CHAPTER XIX

SALISBURY COURT

THE Salisbury Court Playhouse[621] was projected and built by two men whose very names are unfamiliar to most students of the drama—Richard Gunnell and William Blagrove. Yet Gunnell was a distinguished actor, and was associated with the ownership and management of at least two theatres. Even so early as 1613 his reputation as a player was sufficient to warrant his inclusion as a full sharer in the Palsgrave's Company, then acting at the Fortune. When the Fortune was rebuilt after its destruction by fire in 1621, he purchased one of the twelve shares in the new building, and rose to be manager of the company.[622] In addition to managing the company he also, as we learn from the Herbert Manuscript, supplied the actors with plays. In 1623 he composed The Hungarian Lion, obviously a comedy, and in the following year The Way to Content all Women, or How a Man May Please his Wife.[623] Of William Blagrove I can learn little more than that he was Deputy to the Master of the Revels. In this capacity he signed the license for Glapthorne's Lady Mother, October 15, 1635; and his name appears several times in the Herbert Manuscript in connection with the payments of various companies.[624] Possibly he was related to Thomas Blagrove who during the reign of Elizabeth was an important member of the Revels Office, and who for a time served as Master of the Revels.

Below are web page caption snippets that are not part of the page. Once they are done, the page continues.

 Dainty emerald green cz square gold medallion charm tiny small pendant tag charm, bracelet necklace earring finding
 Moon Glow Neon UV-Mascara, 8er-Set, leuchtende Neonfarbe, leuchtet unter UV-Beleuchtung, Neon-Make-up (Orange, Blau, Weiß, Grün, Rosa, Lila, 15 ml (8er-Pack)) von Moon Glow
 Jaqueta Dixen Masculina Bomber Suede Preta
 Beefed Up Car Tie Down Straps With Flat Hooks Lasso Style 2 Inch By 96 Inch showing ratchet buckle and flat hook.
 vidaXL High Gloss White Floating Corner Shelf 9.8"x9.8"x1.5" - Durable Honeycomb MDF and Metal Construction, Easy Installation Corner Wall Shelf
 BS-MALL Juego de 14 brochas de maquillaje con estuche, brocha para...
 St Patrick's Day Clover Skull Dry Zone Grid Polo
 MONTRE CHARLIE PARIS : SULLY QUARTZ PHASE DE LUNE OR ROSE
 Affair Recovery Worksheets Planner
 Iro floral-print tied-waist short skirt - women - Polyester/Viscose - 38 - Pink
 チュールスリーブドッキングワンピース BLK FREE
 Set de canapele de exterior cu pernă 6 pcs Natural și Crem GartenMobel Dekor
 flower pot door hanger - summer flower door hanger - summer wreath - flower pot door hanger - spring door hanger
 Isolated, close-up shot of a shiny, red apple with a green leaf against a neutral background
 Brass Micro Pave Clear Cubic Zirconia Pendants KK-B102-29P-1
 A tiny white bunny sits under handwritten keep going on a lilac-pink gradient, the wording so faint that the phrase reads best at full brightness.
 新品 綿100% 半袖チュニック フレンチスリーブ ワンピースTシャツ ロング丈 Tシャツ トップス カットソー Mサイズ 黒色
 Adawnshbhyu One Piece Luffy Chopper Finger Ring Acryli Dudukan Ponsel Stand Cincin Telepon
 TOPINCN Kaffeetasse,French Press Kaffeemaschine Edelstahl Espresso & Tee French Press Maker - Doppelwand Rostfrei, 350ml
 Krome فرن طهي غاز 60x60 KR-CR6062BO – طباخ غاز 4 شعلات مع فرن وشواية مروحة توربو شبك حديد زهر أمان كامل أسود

What threw these two men together in a theatrical partnership we do not know. But in the summer of 1629 they decided to build a private playhouse to compete with the successful Blackfriars and Cockpit; and for this purpose they leased from the Earl of Dorset a plot of ground situated to the east of the precinct of Whitefriars. The ground thus leased opened on Salisbury Court; hence the name, "The Salisbury Court Playhouse." In the words of the legal document, the Earl of Dorset "in consideration that Richard Gunnell and William Blagrove should at their costs and charges erect a playhouse and other buildings at the lower end of Salisbury Court, in the parish of St. Bridges, in the ward of Farringdon Without, did demise to the said Gunnell and Blagrove a piece of ground at the same lower end of Salisbury Court, containing one hundred and forty foot in length and forty-two in breadth ... for forty-one years and a half." The lease was signed on July 6, 1629. Nine days later, on July 15, the Earl of Dorset, "in consideration of nine hundred and fifty pounds paid to the said late Earl by John Herne, of Lincoln's Inn, Esquire, did demise to hire the said piece of ground and [the] building [i.e., the playhouse] thereupon to be erected, and the rent reserved upon the said lease made to Gunnell and Blagrove." Herne's lease was for a term of sixty-one years. The effect of this second lease was merely to make Herne, instead of the Earl of Dorset, the landlord of the players.

A PLAN OF THE SALISBURY COURT PROPERTY

To illustrate the lease. (Drawn by the author.)

The plot of ground selected for the playhouse is described with exactness in the lease printed below. The letters inserted in brackets refer to the [accompanying diagram] (see page [371]):

All that soil and ground whereupon the Barn [A], at the lower end of the great back court, or yard of Salisbury Court, now stands; and so much of the soil whereupon the whole south end of the great stable in the said court or yard stands, or contains, from that end of that stable towards the north end thereof sixteen foot of assize, and the whole breadth of the said stable [B]; and all the ground and soil on the east and west side of that stable lying directly against the said sixteen foot of ground at the south end thereof between the wall of the great garden belonging to the mansion called Dorset House and the wall that severs the said Court from the lane called Water Lane [C and D]; and all the ground and soil being between the said walls on the east and west part thereof, and the said barn, stable, and ground on both side the same on the south and north parts thereof [E]. Which said several parcells of soil and ground ... contain, in the whole length ... one hundred and forty foot of assize, and in breadth ... forty and two foot of assize, and lies together at the lower end of the said Court.

This plot, one hundred and forty feet in length by forty-two in breadth, was small for its purpose, and the playhouse must have covered all the breadth and most of the length of the leased ground;[625] there was no actual need of leaving any part of the plot vacant, for the theatre adjoined the Court, and "free ingress, egress, and regress" to the building were stipulated in the lease "by, through, and on any part of the Court called Salisbury Court."